Those early years at Mugford were arduous. Jared Standish rose before dawn to milk two cows and then walked four miles to work. In winter, he skated to and from work on the frozen river. Upon arrival, he was responsible for menial tasks such as sweeping the office floor, dusting his supervisor’s desk and building a fire in cold weather. All to be done before 8 AM when his training began. The apprenticeship had an unexpected side benefit. Standish became acquainted with William F. “Buffalo Bill” Cody. Cody’s Wild West show came to Hartford annually during that period. Cody would visit the Mugford company personally to arrange the engraving of handbills of “Custer’s Last Stand” and other scenes of the play. These were passed out on the street when the Wild West show arrived.

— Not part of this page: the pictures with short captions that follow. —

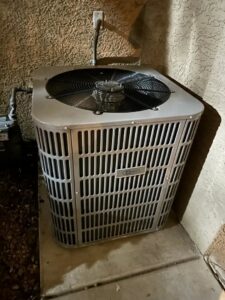 An outdoor AC unit installed next to a home, ready for service by Honest AC Experts in Las Vegas, NV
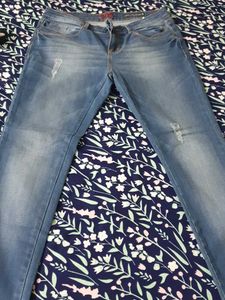 Blue Distressed Denim Jeans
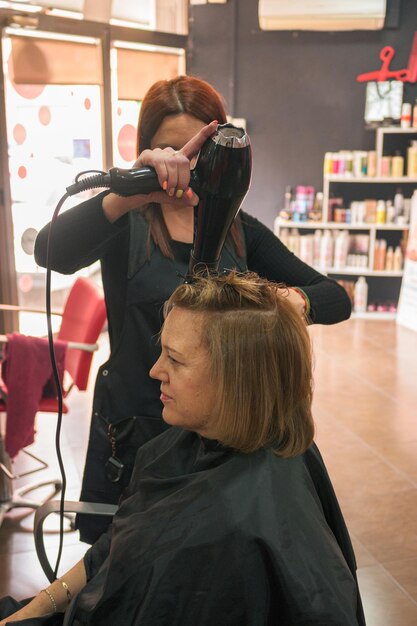 Hairdresser uses a hairdryer and styles a hair of a woman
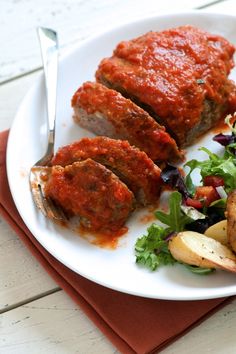 a white plate topped with meat covered in marinara sauce next to potato wedges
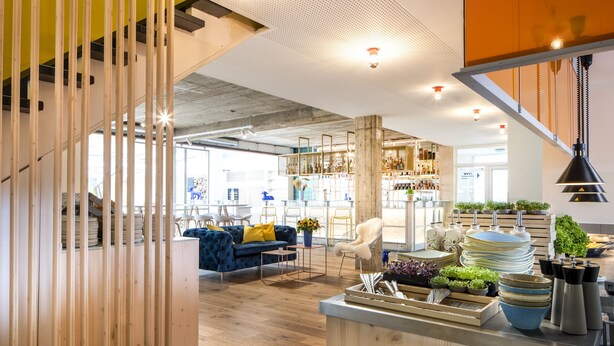 A modern interior with a bar area, wooden flooring, and a blue sofa with yellow cushions.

Upon completion of his apprenticeship, young Standish earned the coveted title of “wood-chopper” and honed his trade at the Mugford company. At that time, images were drawn by hand backward upon fine-grained wooden blocks of Asiatic Turkish boxwood and carved in reverse for printing. Standish became an expert wood engraver recognized throughout the country for reverse carving of portraits on wooden blocks and cuts used in printing. The technology of commercial engraving advanced rapidly toward the end of the 19th century. With his talent as an artist and acquired expertise in wood carving, photography and chemistry, Standish kept apace of the changes. He made the first copper half-tones produced in Hartford, used by the American Publishing Company in printing Mark Twain’s works. He also created the first half-tone plate used to illustrate an article in Harper’s Weekly. Standish was the first in Hartford to create a colored plate and held inventions on color printing processes. He was an acknowledged master at the fine hand detail of “dot etching” used to correct imperfections in etched engraving plates.

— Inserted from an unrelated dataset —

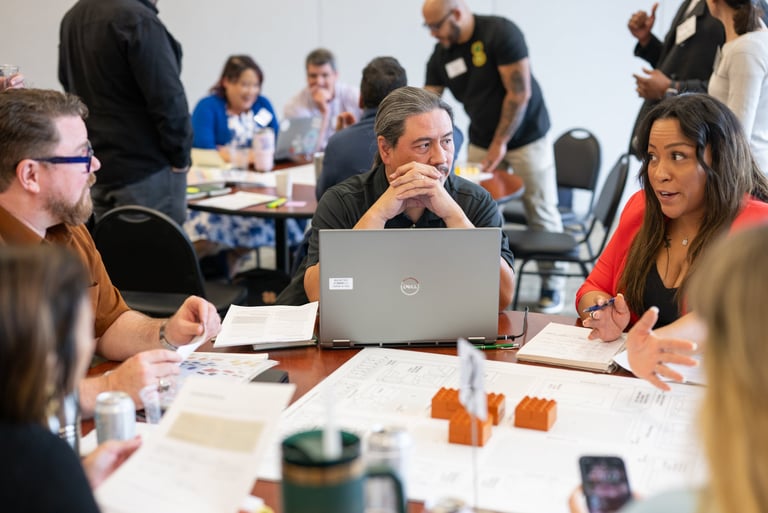 At a Leadership Austin class, participants gather around a table for a lively group discussion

Jared Standish set out on his own in 1903 by acquiring half-ownership of the Hartford Engraving Company. Its offices at that time were in The Hartford Courant building. Hartford Engraving provided the Courant with its first half-tones and continued to do so for several years. During his early years as partner, Hartford Engraving became a pioneer in three-color half-tone reproduction, doing much work for the Phelps Publishing Company of Springfield, Mass., the publisher of Good Housekeeping Magazine. Standish later acquired full ownership of Hartford Engraving. He would be joined in the business by his son Paul and briefly his youngest son James. Jared Standish stayed active in the company into his nineties, when in 1960 he turned operations over to Paul.
As his professional career flourished, so too did his personal life when in Vermont he met Miss Martha Louise (Dinsmore) Perkins. Martha was known to those close to her as “Mattie”. Standish’s parents had called him “Jerry” as a youngster. “Jerry” and “Mattie” were affectionate terms of endearment between the two, and a familiarity not permitted outsiders. They wed in 1895 and enjoyed a long married life.[6] They had four children who all carried family names – Erland Myles, born 13 October 1896; Paul Dinsmore, born 1 August 1901; Priscilla[7], born 5 December 1904; and James, born 12 October 1910.[8] Their children graced them with thirteen grandchildren and nine great-grandchildren during Standish’s life.[9]

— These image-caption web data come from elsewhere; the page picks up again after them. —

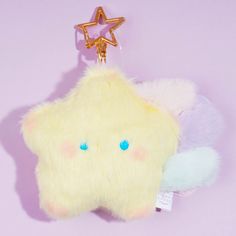 a yellow star shaped plush toy with blue eyes on a purple and pink background,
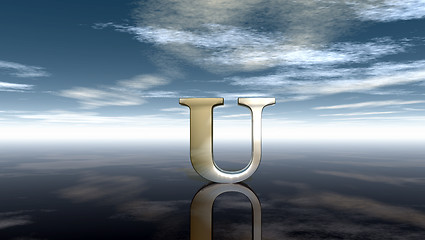 Image showing metal uppercase letter u under cloudy sky - 3d rendering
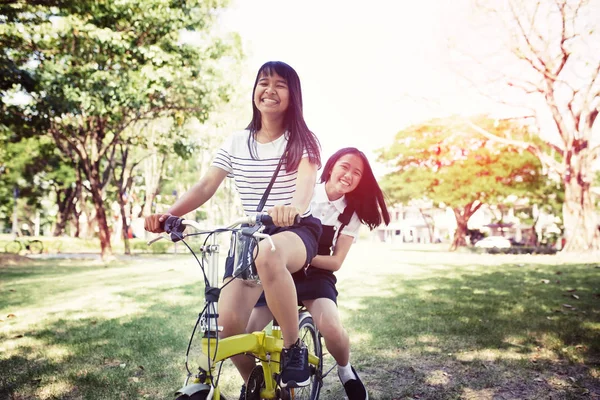 Cheerful asian teenager riding bicycle in pulbic park — Stock Photo, Image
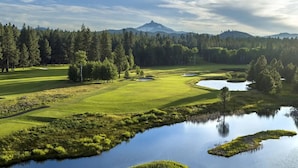 A golf course with a pond, trees, and a mountain in the background. - Black Butte Ranch Golf Course Condo 081 (Black Butte Ranch)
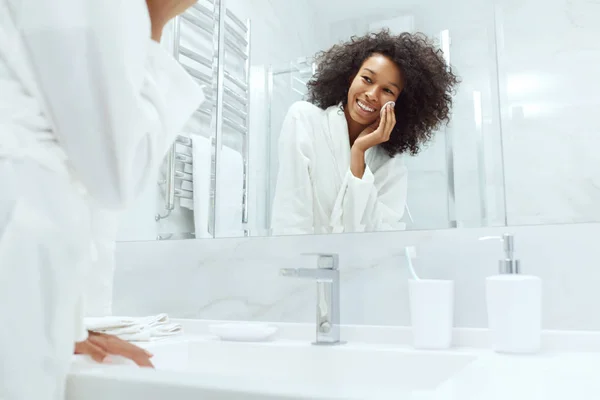 Cuidado de la piel. Chica quitando maquillaje con almohadilla de algodón en el baño —  Fotos de Stock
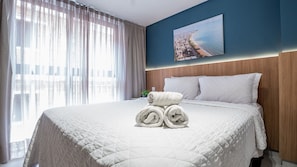 A hotel room with a large bed, a painting of a coastal city, and sheer curtains. - Jardins Almares #325 - Cabo Branco by Carpediem (João Pessoa)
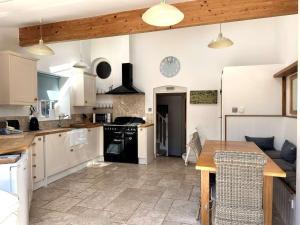 una cucina con mobili bianchi e un tavolo di legno di WELL COTTAGE - Salthouse a Salthouse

As Jared Standish was occupied making a success of his new business and fully engaged in raising a young, growing family, he found time to devote to preserving Wethersfield’s heritage. The history and tradition of the town were important to him; he saw the context provided by history as essential to society’s present and future. He wanted Wethersfield’s collective past to be remembered and enjoyed by subsequent generations. One of the ways Standish ensured the history of Wethersfield was preserved and promoted was by collecting photographs and drawings as well as producing his own. He contributed various materials including genealogies to Dr. Henry R. Stiles for his book, The History of Ancient Wethersfield published in 1904.[10] Stiles gratefully acknowledged the contribution.
As a preservationist and naturalist, Standish believed that stewardship of Wethersfield’s history meant preserving both its natural landscape and its historic buildings. He helped reorganize an inactive Wethersfield Village Improvement Society in 1908, serving as president for many years. When the Society evolved into the Wethersfield Park Association in 1928, he served as its secretary for eighteen years. Standish also organized the gift of Standish properties to the Town of Wethersfield.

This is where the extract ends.